La parte più corposa del testo è quella in cui Raffaello Renzacci ripercorre gli anni '70, dalla vertenza aziendale del '73, pregna di contenuti politici, alla politica dell'EUR e alle sue ovvie ricadute nelle realtà aziendali, alle modificazioni del mercato dell' auto. La controffensiva padronale, tra il '79 e l' '80, è causa e conseguenza, al tempo stesso, delle modificazioni strutturali, dell' informatizzazione e robotizzazione, della volontà padronale di sradicare tutte le opposizioni in fabbrica. Renzacci rilegge con passione i trentacinque giorni dell' autunno '80, l' occupazione della fabbrica, le scelte politiche di sindacati, partiti (in particolare il PCI), gruppi. La sconfitta, non a caso solitamente assunta come elemento periodizzante, fine della grande stagione dei movimenti in Italia, deriva da pesanti errori sindacali, ma anche dall' incapacità della nuova sinistra di costituire una alternativa credibile rispetto alla involuzione moderata del movimento sindacale.
Sono, ancor oggi, drammatiche le testimonianze, nelle assemblee che segnano la fine della vertenza, di tanti lavoratori che colgono la sconfitta politica, la fine di un ciclo sociale, ma anche personale-esistenziale, meglio dei tanti funzionari tesi a presentare l' accordo come positivo.
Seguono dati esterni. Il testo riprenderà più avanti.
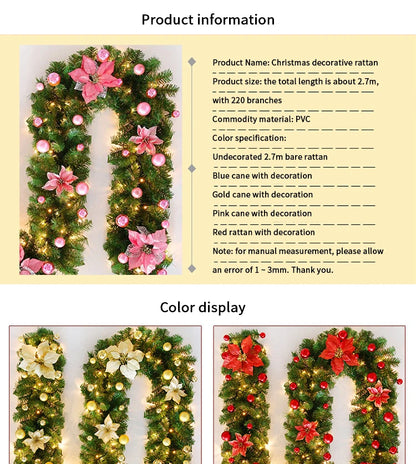 Luxury 2.7m LED Christmas Wreath with Lights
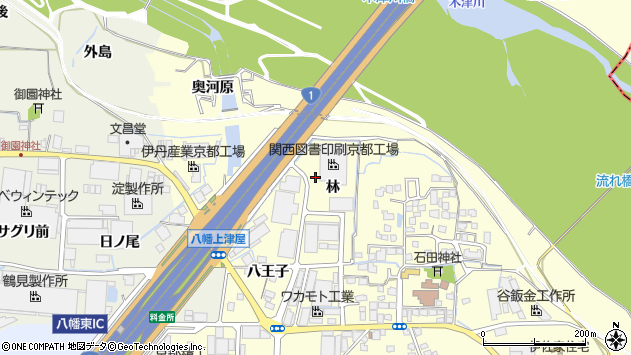 〒614-8172 京都府八幡市上津屋林の地図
Dolorosa la lettura dei fatti successivi: il continuo rinvio del rientro in fabbrica di tanti lavoratori messi in cassa integrazione, i continui cedimenti, le ricadute morali, sociali, psicologiche delle scelte dell' azienda a cui stupisce che tanti altri testi su questi anni neppure accennino.
Più brevi (il testo non mira ad un perfetto equilibrio tra i decenni) le considerazioni di Gabriele Polo sugli anni '90 e di Marco Revelli sull' accordo con la General Motors e le prevedibili conseguenze negative sull' occupazione e sulla realtà complessiva torinese.
Il libro è di grande importanza perchè permette una visione di insieme sul maggiore complesso industriale italiano che ha segnato un secolo di storia del nostro paese ed offre approfondimenti di grande interesse ed inediti (in particolare sul decennio che conduce alla sconfitta- il termine epocale non è retorico- del 1980).
Spiace che discutibili scelte ed equilibri di partito abbiano impedito che venisse pubblicato come supplemento a "Liberazione", privando della sua lettura tanti militanti che, anche criticamente, avrebbero potuto utilizzarlo positivamente.